# TASK REQUIREMENTS
Using the listing below, keep only the lines with the word "Honda" and copy them.

--- SOURCE DATA ---

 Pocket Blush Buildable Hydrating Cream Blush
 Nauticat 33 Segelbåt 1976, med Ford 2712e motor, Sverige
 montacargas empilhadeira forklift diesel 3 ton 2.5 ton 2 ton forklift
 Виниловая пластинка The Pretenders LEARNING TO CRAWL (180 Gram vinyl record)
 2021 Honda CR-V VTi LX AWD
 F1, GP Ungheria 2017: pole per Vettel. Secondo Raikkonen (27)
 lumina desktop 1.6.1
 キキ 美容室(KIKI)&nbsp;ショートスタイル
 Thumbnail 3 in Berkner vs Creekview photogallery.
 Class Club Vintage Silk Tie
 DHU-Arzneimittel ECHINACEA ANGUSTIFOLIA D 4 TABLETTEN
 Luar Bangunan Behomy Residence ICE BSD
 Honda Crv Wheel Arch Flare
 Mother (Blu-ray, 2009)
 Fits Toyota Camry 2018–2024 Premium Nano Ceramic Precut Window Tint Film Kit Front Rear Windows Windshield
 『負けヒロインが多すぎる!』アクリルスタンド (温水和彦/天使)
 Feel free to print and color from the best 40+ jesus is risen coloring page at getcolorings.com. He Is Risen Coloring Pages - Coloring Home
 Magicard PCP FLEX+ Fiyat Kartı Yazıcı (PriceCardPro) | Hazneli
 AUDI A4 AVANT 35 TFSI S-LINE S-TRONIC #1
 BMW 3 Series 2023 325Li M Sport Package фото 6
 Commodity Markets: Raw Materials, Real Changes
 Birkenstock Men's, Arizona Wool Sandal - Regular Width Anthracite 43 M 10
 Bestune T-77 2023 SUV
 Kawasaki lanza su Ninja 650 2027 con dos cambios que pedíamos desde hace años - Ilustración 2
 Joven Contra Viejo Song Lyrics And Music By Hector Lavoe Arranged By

---

# SOLVED PROBLEM
 2021 Honda CR-V VTi LX AWD
 Honda Crv Wheel Arch Flare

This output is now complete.